### EXERCISE MATERIALS
════════

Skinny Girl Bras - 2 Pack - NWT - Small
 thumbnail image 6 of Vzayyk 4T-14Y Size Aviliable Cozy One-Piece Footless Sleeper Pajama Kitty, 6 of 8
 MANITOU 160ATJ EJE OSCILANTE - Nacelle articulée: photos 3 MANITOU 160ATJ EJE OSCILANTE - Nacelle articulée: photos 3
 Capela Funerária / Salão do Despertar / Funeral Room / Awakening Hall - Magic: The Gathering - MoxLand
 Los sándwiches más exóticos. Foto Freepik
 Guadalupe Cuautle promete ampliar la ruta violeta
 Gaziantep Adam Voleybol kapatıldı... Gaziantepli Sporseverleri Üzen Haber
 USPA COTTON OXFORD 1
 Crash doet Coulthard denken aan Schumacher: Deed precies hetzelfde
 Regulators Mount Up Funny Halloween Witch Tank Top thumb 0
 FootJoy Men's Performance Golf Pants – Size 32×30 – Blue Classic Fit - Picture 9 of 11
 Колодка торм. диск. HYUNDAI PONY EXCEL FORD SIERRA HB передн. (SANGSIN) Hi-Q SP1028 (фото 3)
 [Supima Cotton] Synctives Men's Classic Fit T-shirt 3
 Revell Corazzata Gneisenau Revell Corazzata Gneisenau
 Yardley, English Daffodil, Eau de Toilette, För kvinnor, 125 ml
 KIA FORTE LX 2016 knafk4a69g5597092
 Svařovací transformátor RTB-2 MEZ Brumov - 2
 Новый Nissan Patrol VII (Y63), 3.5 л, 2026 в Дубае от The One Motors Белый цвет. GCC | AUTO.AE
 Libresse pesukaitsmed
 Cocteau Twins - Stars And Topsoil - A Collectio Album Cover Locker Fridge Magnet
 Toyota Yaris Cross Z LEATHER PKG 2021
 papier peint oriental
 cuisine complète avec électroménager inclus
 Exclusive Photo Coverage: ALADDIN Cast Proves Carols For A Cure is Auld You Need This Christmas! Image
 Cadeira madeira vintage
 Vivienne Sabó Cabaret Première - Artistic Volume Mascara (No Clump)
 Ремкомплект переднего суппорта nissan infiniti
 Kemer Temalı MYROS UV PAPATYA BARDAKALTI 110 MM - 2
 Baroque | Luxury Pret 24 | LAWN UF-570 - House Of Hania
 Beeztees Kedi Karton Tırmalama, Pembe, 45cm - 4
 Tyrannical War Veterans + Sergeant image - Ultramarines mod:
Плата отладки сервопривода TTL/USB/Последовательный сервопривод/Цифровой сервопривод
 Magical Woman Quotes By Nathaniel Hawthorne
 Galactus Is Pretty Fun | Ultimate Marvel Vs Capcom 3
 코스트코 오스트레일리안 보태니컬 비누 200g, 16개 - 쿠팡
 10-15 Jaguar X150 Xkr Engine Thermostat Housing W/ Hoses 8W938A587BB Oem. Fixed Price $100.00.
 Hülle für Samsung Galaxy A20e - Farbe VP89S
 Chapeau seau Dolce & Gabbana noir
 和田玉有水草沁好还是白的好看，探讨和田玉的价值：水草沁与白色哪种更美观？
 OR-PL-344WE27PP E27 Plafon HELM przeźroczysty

════════

### TASK DIRECTIONS
Repeat exactly the lines from the line containing "和田玉有水草沁好还是白的好看，探讨和田玉的价值：水草沁与白色哪种更美观？" through the end of the listing above; both boundary lines are part of the output.

### RESULT OF THE TASK
 和田玉有水草沁好还是白的好看，探讨和田玉的价值：水草沁与白色哪种更美观？
 OR-PL-344WE27PP E27 Plafon HELM przeźroczysty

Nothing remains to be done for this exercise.